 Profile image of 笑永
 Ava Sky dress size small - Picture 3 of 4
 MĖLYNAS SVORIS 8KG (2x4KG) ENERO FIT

* * *

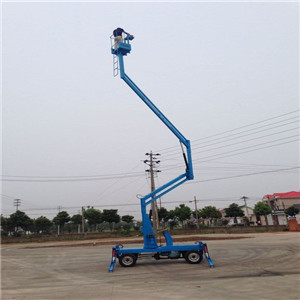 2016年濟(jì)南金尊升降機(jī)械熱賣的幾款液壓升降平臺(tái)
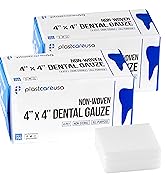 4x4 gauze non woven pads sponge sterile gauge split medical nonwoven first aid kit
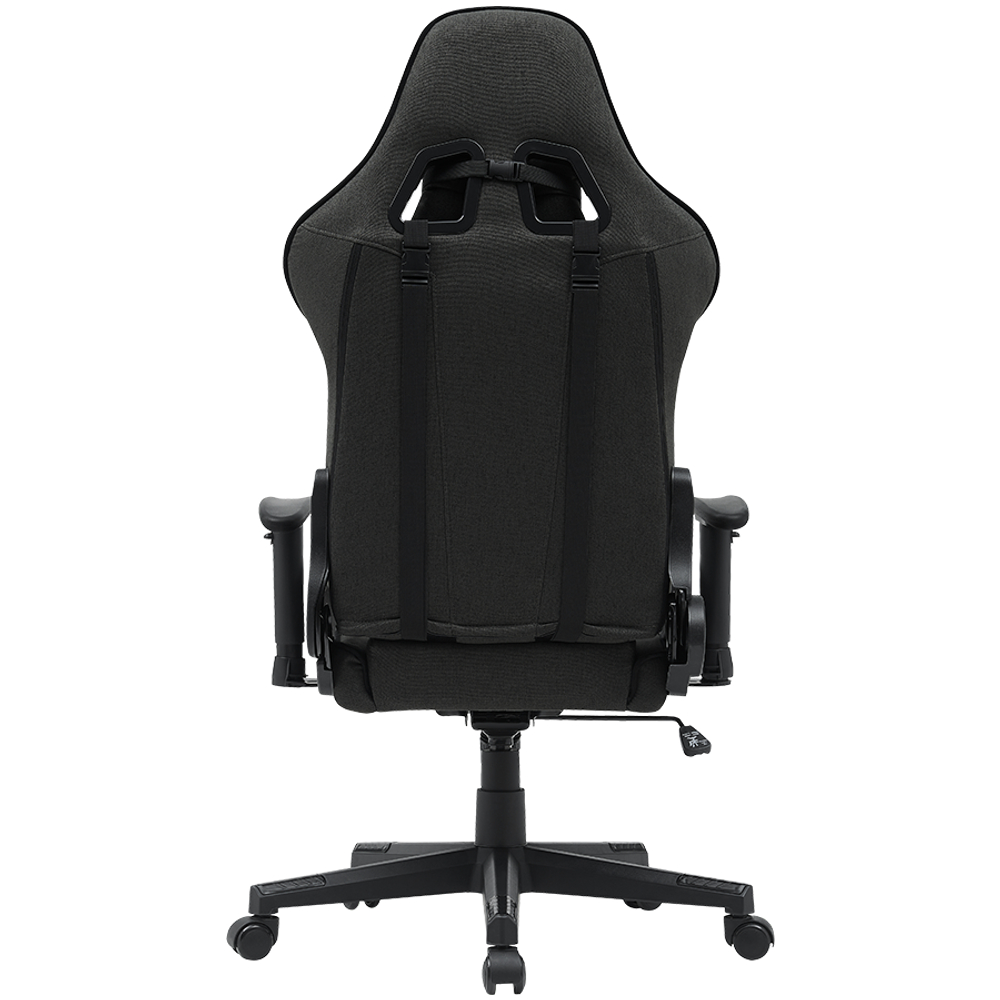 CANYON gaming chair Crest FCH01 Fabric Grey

==

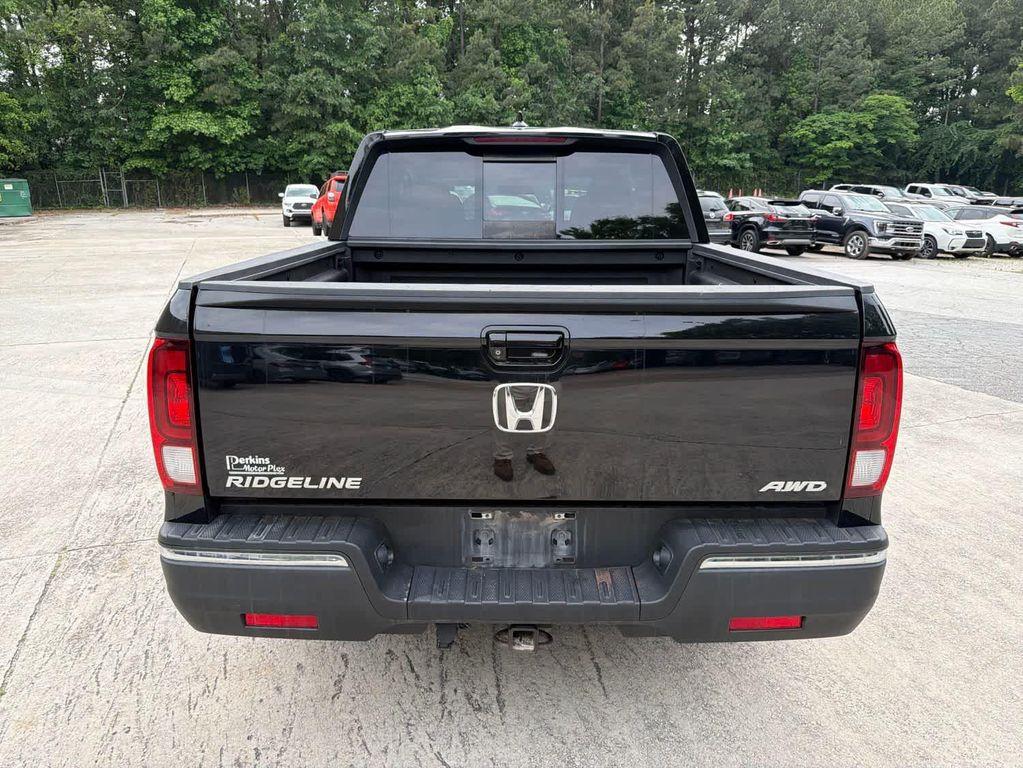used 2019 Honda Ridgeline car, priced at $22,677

→ **EXERCISE DETAILS**
Would you please repeat exactly the lines above, starting at the line with "Profile image of 笑永" and stopping at the line with "MĖLYNAS SVORIS 8KG (2x4KG) ENERO FIT", both included?

→ **RESPONSE TO THIS TASK**
 Profile image of 笑永
 Ava Sky dress size small - Picture 3 of 4
 MĖLYNAS SVORIS 8KG (2x4KG) ENERO FIT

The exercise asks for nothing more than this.